Aynı zamanda Adana Alparslan Bilim ve Teknoloji Üniversitesi’nde görev yapan Doç. Dr. Demirdelen, Emisyon Ticaret Sistemi'nin işlemesi için karbon miktarlarının bilinmesi gerektiğini de vurguladı. Demirdelen, devamında şunları kaydetti: “Bununla ilgili Çevre Bakanlığı, TÜBİTAK ve diğer kuruluşlar, bir proje kapsamında belli başlı sektörlerin karbon emisyonunu çıkardılar. Türkiye için şu anda sektörlerin karbon emisyonu belli değil. Bunlar ilk etapta beş sektör olmak üzere bütün sektörler için belirlenecek. Bu beş sektörü oluşturan elektrik, gübre, alüminyum, çelik, çimento sektörleri, karbon emisyonunun en yüksek olduğu alanlar. Devlet bunların emisyon değerlerini belirleyecek ve şirketler buna uygun altyapı hazırlayacaklar, hazırlamak zorunda kalacaklar.
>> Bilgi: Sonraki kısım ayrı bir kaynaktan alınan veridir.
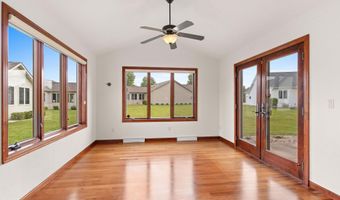52 PENBROOK Cir 47, Appleton, WI 54911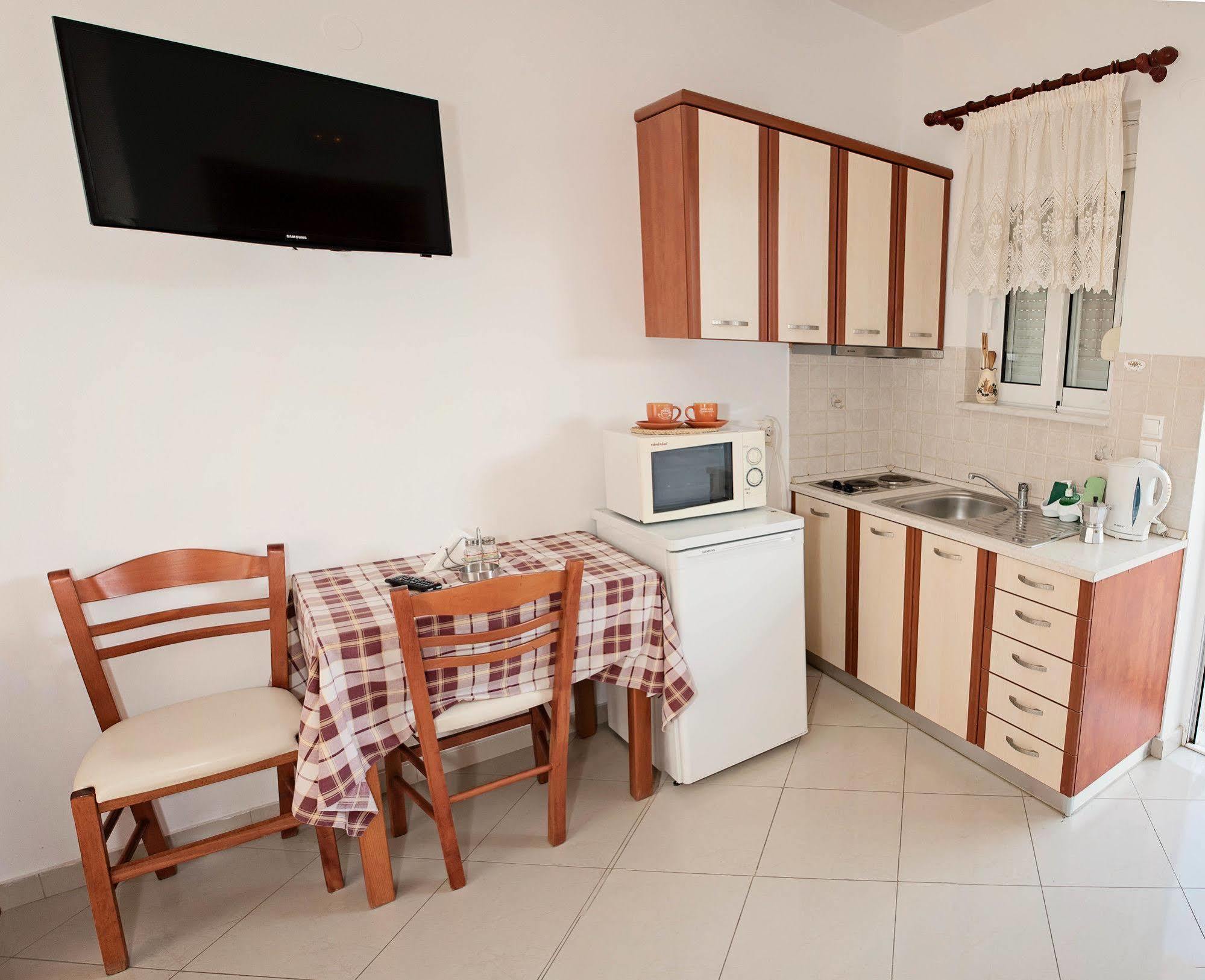 Nephele Apartments Faliraki Esterno foto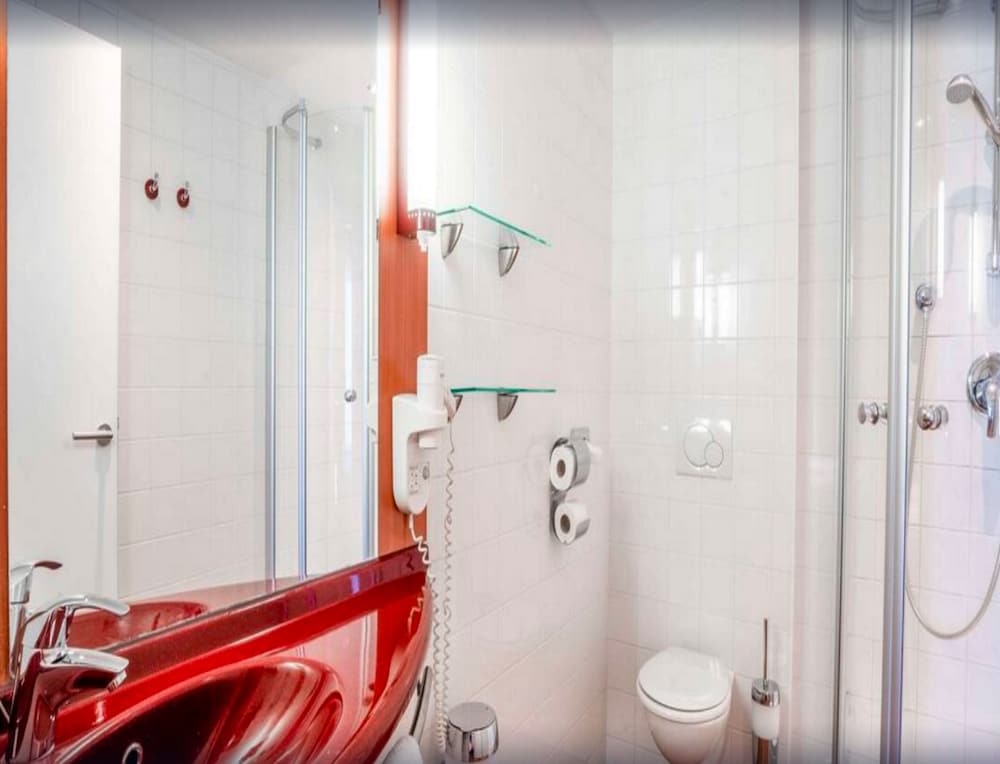 Фото Leonardo Hotel Salzburg City Center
Çünkü Avrupa belirli bir sınırın üzerinde emisyon değerine sahip ürünleri kabul etmeyecek." diye konuştu.
“Türkiye’de ilk 100’de olan firmalardan sürdürülebilirlik raporu istendi”
Avrupa’nın büyük ölçekli ve mikro ölçekli firmalara sürdürülebilirlik raporunu zorunlu tuttuğunu ifade eden Demirdelen, “Hangi standartta olduğunu Türk Rekabet Kurumu yapacak ve bunlar Avrupa’nın belirlediği standartlarda olacak. Bu çerçevde uzmanlık sınavları açacağız ve o standartlardaki kişiler bu raporları hazırlayacak. Şu anda Türkiye’de ilk 100’de olan firmalardan bu raporlar istendi.” diye konuştu.
“Başta büyükşehirler olmak üzere tüm belediyeler hazırlanmalı”
Konuyla ilgili toplumsal bilince ilişkin değerlendirmelerde de bulunan Demirdelen, şöyle konuştu: “Şu anda fazlaca o bilinçte değiliz. Çünkü kavram diyor ki; sürdürülebilirliği de içine aldığınızda biz sadece firmaları etkilemiyoruz, kamu kurum ve kuruluşlarının da böyle gitmesi, bireyin de kendini buna adapte etmesi lazım. Örneğin, belediyelerin sürdürülebilir olması, sera gazı envanterinin olması lazım. Bu durum bugüne kadar çok konuşulmadı ama gerekecek. 2024 yılı itibariyle kamu kurum ve kuruluşları için belediyeler dahil olmak üzere, Avrupa Birliği ve benzeri fonlardan alacağı teşviklerde, iklim eylem planı olmak zorunda. Bazı belediyeler yavaş yavaş başladı ama bunu tüm belediyelerin yapması lazım, en başta da büyükşehir belediyelerinin.”
“Devletin 2024 teşvikleri yeşil tabanlı işlere yönelik olacak”
Yeşil dönüşümün teşviklerle destekleneceğini de anlatan Doç.Dr.Demirdelen, “Devlet 2024 itibariyle tüm kamu kurum ve kuruluşları dahil yeşil ile ilgili destekler çıkartacak. KOSGEB bunlara yönelik adım atıyor, fabrikaların, üretim prosesinin hazırlanmasına yönelik destekler verilecek. 2024 teşvikleri, hibeleri, belki kredileri yeşil tabanlı işlere yönelik olacak.” dedi.